Personal information
- Full name: Arnaldo Ariel Ortega
- Date of birth: 4 March 1974 (age 52)
- Place of birth: Ledesma, Jujuy, Argentina
- Height: 1.70 m (5 ft 7 in)
- Positions: Attacking midfielder; forward;

Youth career
- 1988–1990: Atlético Ledesma

Senior career*
- Years: Team / Apps / (Gls)
- 1991–1996: River Plate / 134 / (30)
- 1997–1998: Valencia / 32 / (9)
- 1998–1999: Sampdoria / 27 / (8)
- 1999–2000: Parma / 18 / (3)
- 2000–2002: River Plate / 56 / (23)
- 2002–2003: Fenerbahçe / 14 / (5)
- 2004–2006: Newell's Old Boys / 53 / (11)
- 2006–2012: River Plate / 82 / (12)
- 2008–2009: → CSIR (loan) / 25 / (4)
- 2011: → All Boys (loan) / 12 / (0)
- 2011–2012: → Def. Belgrano (loan) / 27 / (4)
- Total:  / 480 / (109)

International career
- 1993–2010: Argentina / 88 / (17)

Medal record
Men's football
Representing Argentina
Pan American Games
| Gold medal – first place | 1995 Mar del Plata | Team |
Olympic Games
| Silver medal – second place | 1996 Atlanta | Team |

= Ariel Ortega =

Argentine footballer

Arnaldo Ariel Ortega (born 4 March 1974) is an Argentine former professional footballer who played as an attacking midfielder. His nickname is "El Burrito" (The Little Donkey), thus he is called Burrito Ortega. After his breakthrough alongside coach Ramón Díaz in the mid-90s, he came to be considered at his peak as one of the best dribblers in the world, to the point that he is the fourth player in World Cup history with more successful dribbles in a single World Cup according to FIFA.

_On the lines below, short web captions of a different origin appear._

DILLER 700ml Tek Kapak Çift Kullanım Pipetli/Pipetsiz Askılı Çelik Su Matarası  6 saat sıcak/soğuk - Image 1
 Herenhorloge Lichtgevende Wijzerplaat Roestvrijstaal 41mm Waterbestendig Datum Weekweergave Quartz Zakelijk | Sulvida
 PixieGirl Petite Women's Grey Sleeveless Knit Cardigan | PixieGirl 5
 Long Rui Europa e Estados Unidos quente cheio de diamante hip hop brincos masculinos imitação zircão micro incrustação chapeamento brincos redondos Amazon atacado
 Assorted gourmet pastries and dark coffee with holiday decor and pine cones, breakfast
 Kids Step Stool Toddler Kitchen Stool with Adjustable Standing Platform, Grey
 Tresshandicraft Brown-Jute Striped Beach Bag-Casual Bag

Ortega began his career with River Plate and played most of his career there during four separate spells between 1991 and 1996, 2000–02, 2006–08 and 2009–11. With the team, he played 359 competitive matches, scored 81 goals, and won several trophies, including the 1996 Copa Libertadores. In Europe, Ortega played for Valencia in Spain, Parma and Sampdoria in Italy, and Fenerbahçe in Turkey. He also had a two-year period with Newell's Old Boys, as well as three short loans from River Plate at other Argentinian teams towards the end of his career. He retired from professional football in 2012.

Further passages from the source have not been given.